Now, something was filling up the cache. Wasn’t sure what it was but having found what was using the memory, a fix was also found. Because it’s a cache, it should be (moderately?) safe to drop it.

root@tfs:~# echo 3 > /proc/sys/vm/drop_caches

So this fixes the symptom at least. We did not need to restart the servers anymore to reclaim the memory.

Who triggered this?

One of the symptoms of the problem was that it was spread sitewide. What else works site-wide? The configuration management system. Saltstack.

Going through git logs of salt repo, there was one commit that was correlating with increase in memory usage.

What was the change? An API that each host contacts to (called from custom salt grain module if I remember correctly) was moved from HTTP to HTTPS. But why would switching to HTTPS cause a memory leak?!?!

The Root Cause:

Running that API in a loop on a host with ample free memory reproduced the problem.

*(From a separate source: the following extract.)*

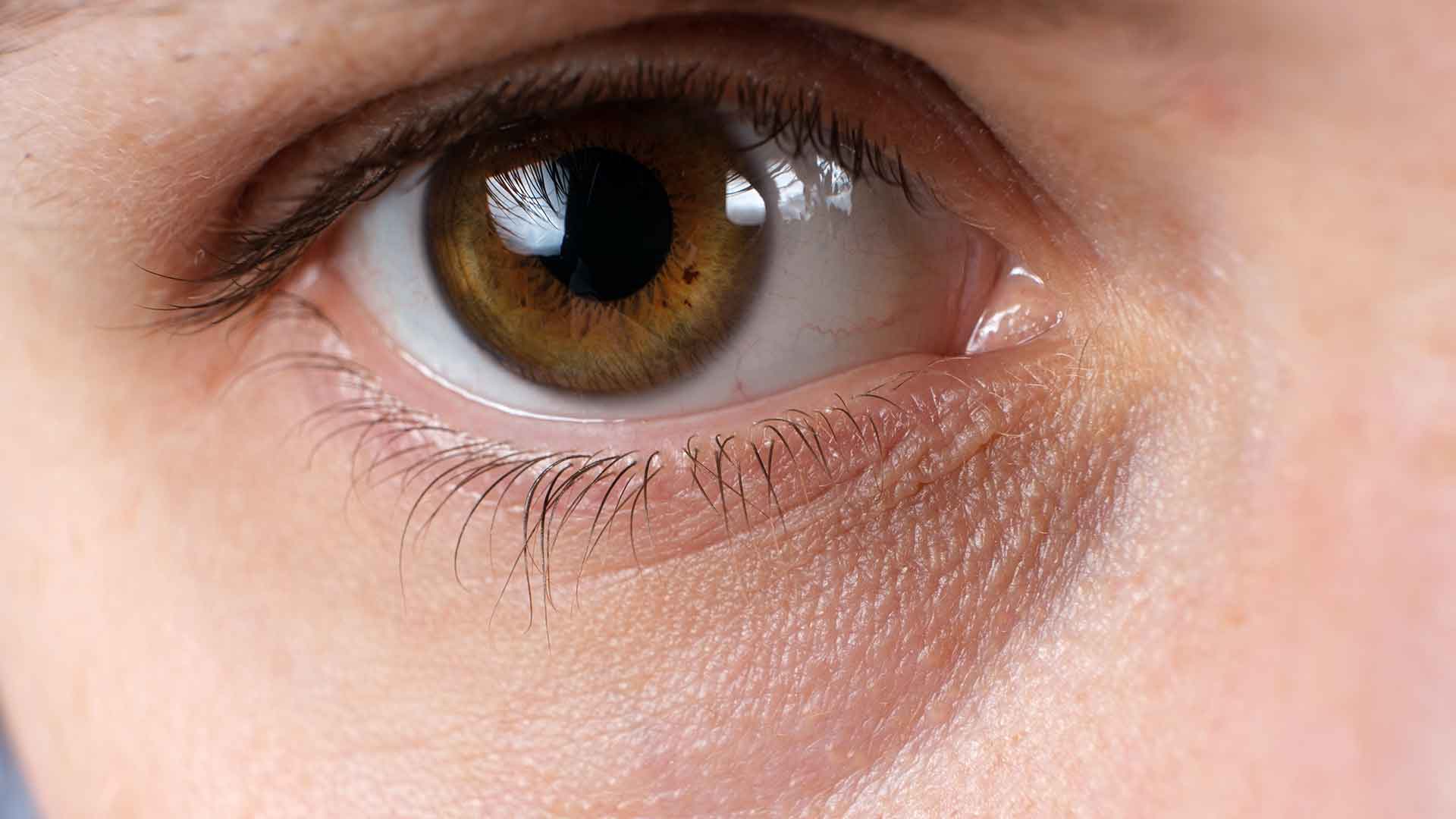 How to Speed Up Dark Circles Treatment Results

Putting it under strace revealed that it’s trying to access lot of non-existing files. Which also justifies the increase in dentry cache usage.

Was not exactly sure why would it try to access those files but quick search on the internet landed me on StackExchange post Unusually high dentry cache usage which revealed that it was due to a bug in NSS (Network Security Services, library developed by Mozilla, used when we do SSL stuff)

The fix was to upgrade the library or temporarily adjust cache pressure.


Guess who learned something new that weekend! The feeling after solving the mystery is so satisfying :D

Note: The command executions shown above and its results are not from actual affected servers. The numbers are made up.